Réagissant à ces mises en cause, la Chine a accusé "l'Oncle Sam" de "manipulations politiques" dans l'affaire Huawei, après que Washington a dévoilé des chefs d'inculpation contre le géant chinois des télécoms et sa directrice financière, actuellement détenue au Canada. "Les États-Unis utilisent le pouvoir de l'État pour discréditer et attaquer certaines entreprises chinoises, dans une tentative d'étrangler leurs opérations, qui sont légitimes et légales", a indiqué dans un communiqué Geng Shuang, un porte-parole du ministère chinois des Affaires étrangères. "Il y a derrière tout cela de fortes visées politiques, des manipulations politiques."

En liberté surveillée au Canada, la dirigeante de Huawei, doit comparaître le 6 février devant un juge canadien dans le cadre de la procédure d'extradition lancée par les États-Unis avant la date butoir du 30 janvier.

La dirigeante de Huawei Meng Wanzhou le 11 décembre 2018 à Vancouver
La dirigeante de Huawei Meng Wanzhou le 11 décembre 2018 à Vancouver © -, CTV/AFP

Dans ce qui a été largement interprété comme des représailles de Pékin, la Chine a depuis arrêté deux Canadiens et un tribunal chinois en a condamné à mort un troisième.

La crise diplomatique avec Ottawa a même abouti au limogeage, par le Premier ministre canadien Justin Trudeau, de son ambassadeur en Chine John McCallum, en raison de propos controversés sur la procédure d'extradition de Meng Wanzhou.

Si Washington, qui s'inquiète des avancées technologiques chinoises, est en pointe pour contrer Huawei, le géant des télécoms est l'objet de regards de plus en plus suspicieux dans un nombre grandissant de pays occidentaux, à tel point que le ministre chinois des Affaires étrangères Wang Yi a dénoncé vendredi une campagne internationale "injuste et immorale".

Huawei exclu de la 5G par plusieurs pays

Plusieurs États (Australie, Nouvelle-Zélande, Canada) ont exclu Huawei du déploiement de la 5G (cf encadré ci-dessous), mettant parfois en cause des failles sécuritaires voire des soupçons d'espionnage, que le groupe dément catégoriquement.

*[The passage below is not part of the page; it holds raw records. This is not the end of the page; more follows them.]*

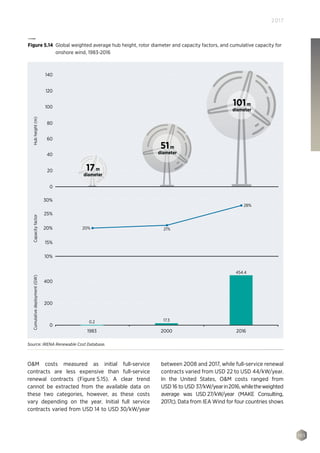105
2017
OM costs measured as initial full-service
contracts are less expensive than full-service
renewal contracts (Figure 5.15). A clear trend
cannot be extracted from the available data on
these two categories, however, as these costs
vary depending on the year. Initial full service
contracts varied from USD 14 to USD 30/kW/year
between 2008 and 2017, while full-service renewal
contracts varied from USD 22 to USD 44/kW/year.
In the United States, OM costs ranged from
USD 16 to USD 37/kW/yearin2016,whiletheweighted
average was USD 27/kW/year (MAKE Consulting,
2017c). Data from IEA Wind for four countries shows
140
120
100
80
60
40
20
0
400
200
0
10%
15%
20%
25%
30%
201620001983
Hubheight(m)CapacityfactorCumulativedeployment(GW)
20%
0.2 17.3
454.4
21%
28%
51m
diameter
51m
diameter
17m
diameter
17m
diameter
101m
diameter
101m
diameter
Figure 5.14 Global weighted average hub height, rotor diameter and capacity factors, and cumulative capacity for
onshore wind, 1983-2016
Source: IRENA Renewable Cost Database.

L'administration américaine de Donald Trump a lancé ces derniers mois une offensive tous azimuts contre la Chine, l'accusant de vol de technologies, de "bellicisme à l'égard de ses voisins", ou encore de développer un "Etat totalitaire à l'intérieur de ses frontières" en bafouant notamment les droits des minorités religieuses. Cette attaque contre Huawei se déroule sur fond de guerre commerciale déclenchée par le président Trump à coups de taxes douanières.

Ces inculpations "n'ont rien à voir avec nos négociations commerciales avec la Chine", a assuré lundi 28 janvier le ministre américain du Commerce Wilbur Ross. Mais il a aussitôt ajouté que son ministère continuerait de travailler avec le reste du gouvernement "pour protéger les intérêts de sécurité nationale".

exclusion de huawei: un groupe australien renonce à son réseau mobile 5g

L'opérateur de télécommunications TPG annule son projet de créer le quatrième réseau de téléphonie mobile du pays en invoquant l'exclusion du chinois Huawei du déploiement de la 5G dans l'immense île-continent. Le projet n'est plus viable du fait le l'interdiction de 5G infligée à son "principal vendeur d'équipements" Huawei, deuxième fabricant mondial de smartphones et géant planétaire des infrastructures télécoms, a déclaré TPG.

Le groupe chinois est soupçonné de poser un problème de sécurité nationale dans plusieurs pays qui lui ont interdit de bâtir un réseau internet ultrarapide 5G. TPG a ajouté qu'il avait déjà dépensé 100 millions de dollars australiens (62,8 millions d'euros) pour construire un nouveau réseau mobile.